As a means to understand the relationship between epilepsy and brain tumors, and to treat both, we have surgically implanted intracranial recording electrodes and obtained long-term recordings as part of a two-stage procedure (Mittal et al., 2010). Figure 3 shows two examples where we have localized regions where seizures start from subdural grid recordings on two patients with brain tumors shown under the cortical surface. Each electrode involved in seizure onset is colored red, whereas seizure-free zones are colored green. As might be expected, seizures in patient A start in the neocortex overlying the tumor. In patient B, however, seizure-onset zones exist both overlying, as well as at a distance from the indicated tumor boundaries. In patient B, if only the tumor is resected and not all of the seizure-onset zones, there is a significant chance that the seizure disorder would not improve after surgery, even though the tumor may be adequately resected.

Figure 3.

Applying systems biology tools to patients with brain tumors. Because many patents with brain tumors have epilepsy as well, we have used our systems biology approach to examine the relationship between brain tumors and epileptic activities. Although the patient shown in (A) has an epileptic seizure focus lying directly over the brain tumor, the patient in (B) has seizure-onset regions both over and at a distance from the tumor margin. A standard resection of the lesion would be expected to also treat the patient's seizures in A; however, a similar lesionectomy for patient B would not remove all the seizure onset regions and hence might be unlikely to cure the seizures.

We are currently studying these relationships not only to identify seizure-onset zones, but also for interictal spiking with respect to the tumor anatomy for a variety of tumor types, tumor locations, and tumor growth rates.

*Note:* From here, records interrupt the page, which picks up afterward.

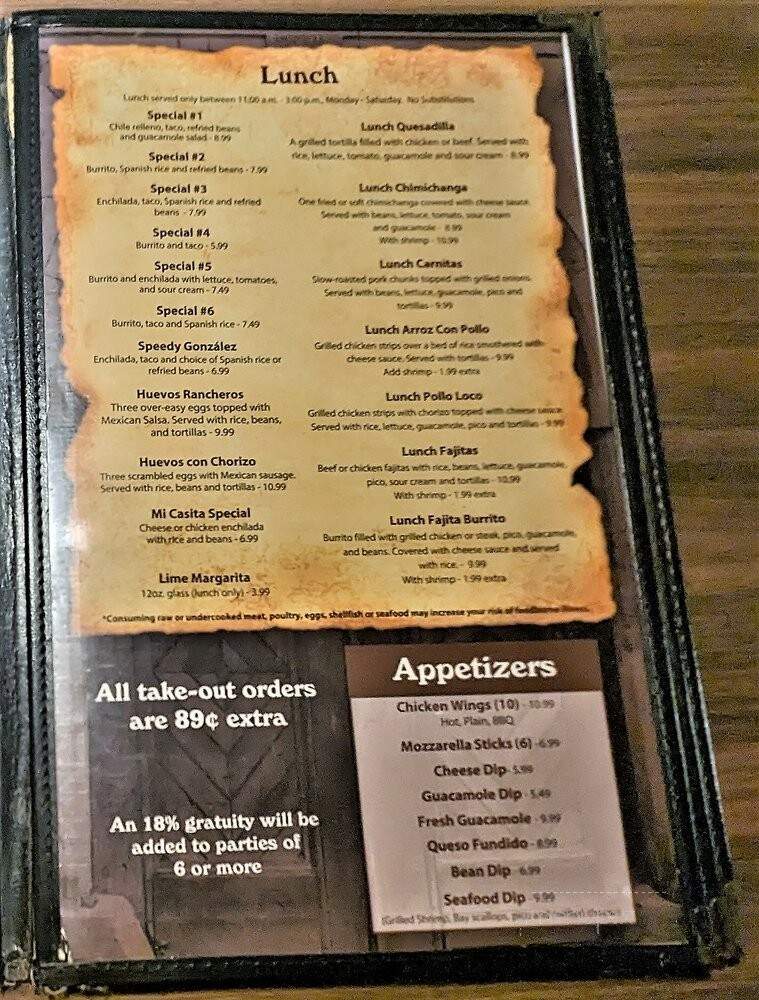 Mi Casita Mexican Restaurant - Virginia Beach, VA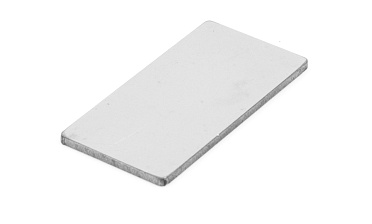 Заглушка AISI 304 зеркальная 40х20х1,5 Ф-1298 купить в Челябинске Заглушка AISI 304 зеркальная 40х20х1,5 Ф-1298 купить в Челябинске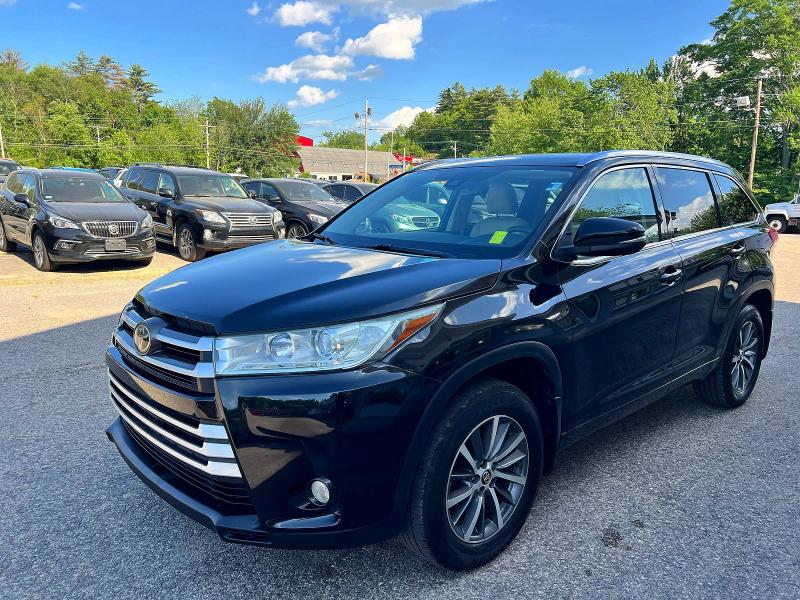Продаж на аукціоні авто 2018 Toyota Highlander, vin: 5TDJZRFH6JS558378, номер лоту: 58086606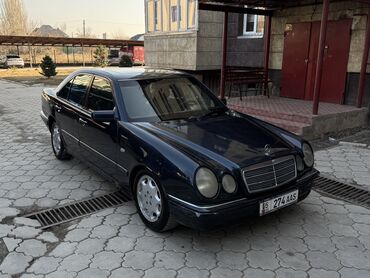 грузовой сапок мерс: Mercedes-Benz E-Class: 1995 г., 3.2 л, Автомат, Бензин, Седан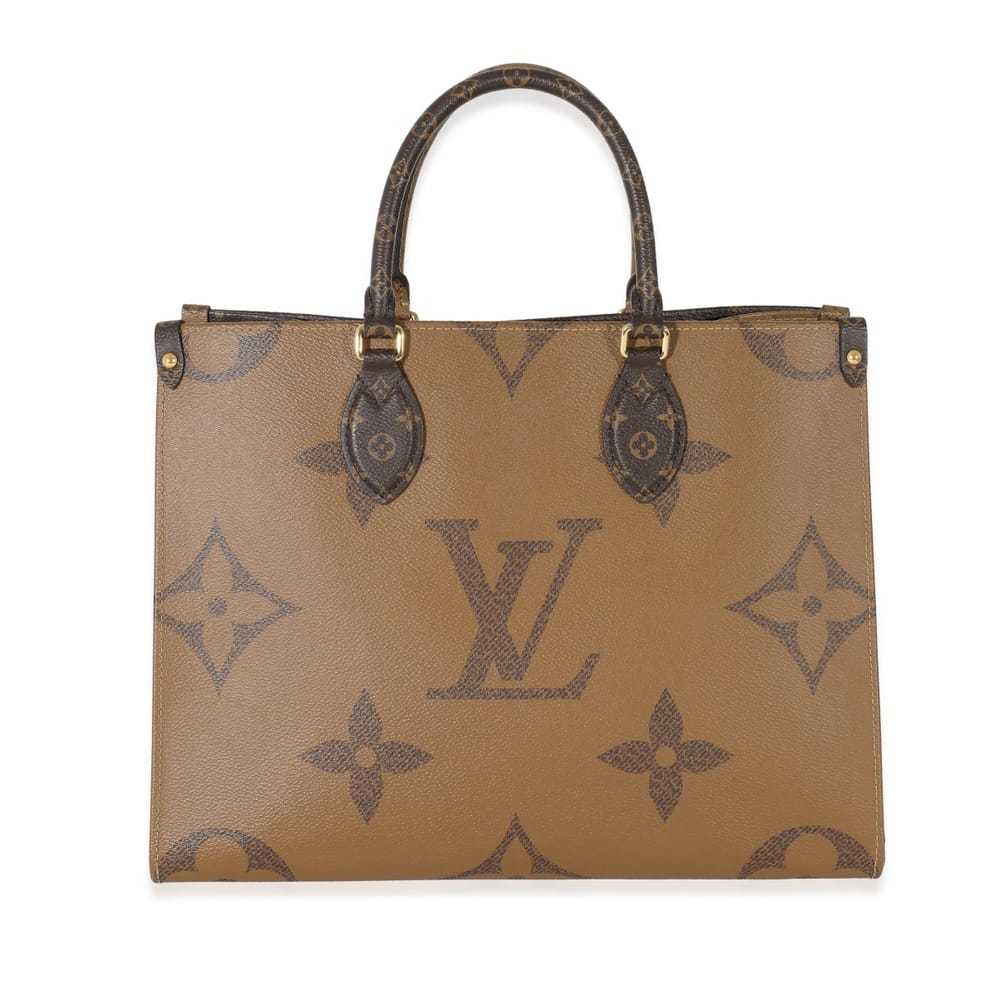 Louis Vuitton Onthego leather handbag - image 3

It is hoped that a detailed, quantitative analysis of the electrical properties of the brain in and around brain tumors will improve the seizure outcomes in patients with brain tumors. It is also possible that by looking at these electrical patterns, we will improve outcome and survival from the tumor, as the electrical properties of the tissue reveal microscopic extension of the tumor not well visualized on imaging studies.


The authors have no conflicts of interest to disclose. The authors confirm that they have read the Journal's position on issues involved in ethical publication and affirm that this report is consistent with those guidelines.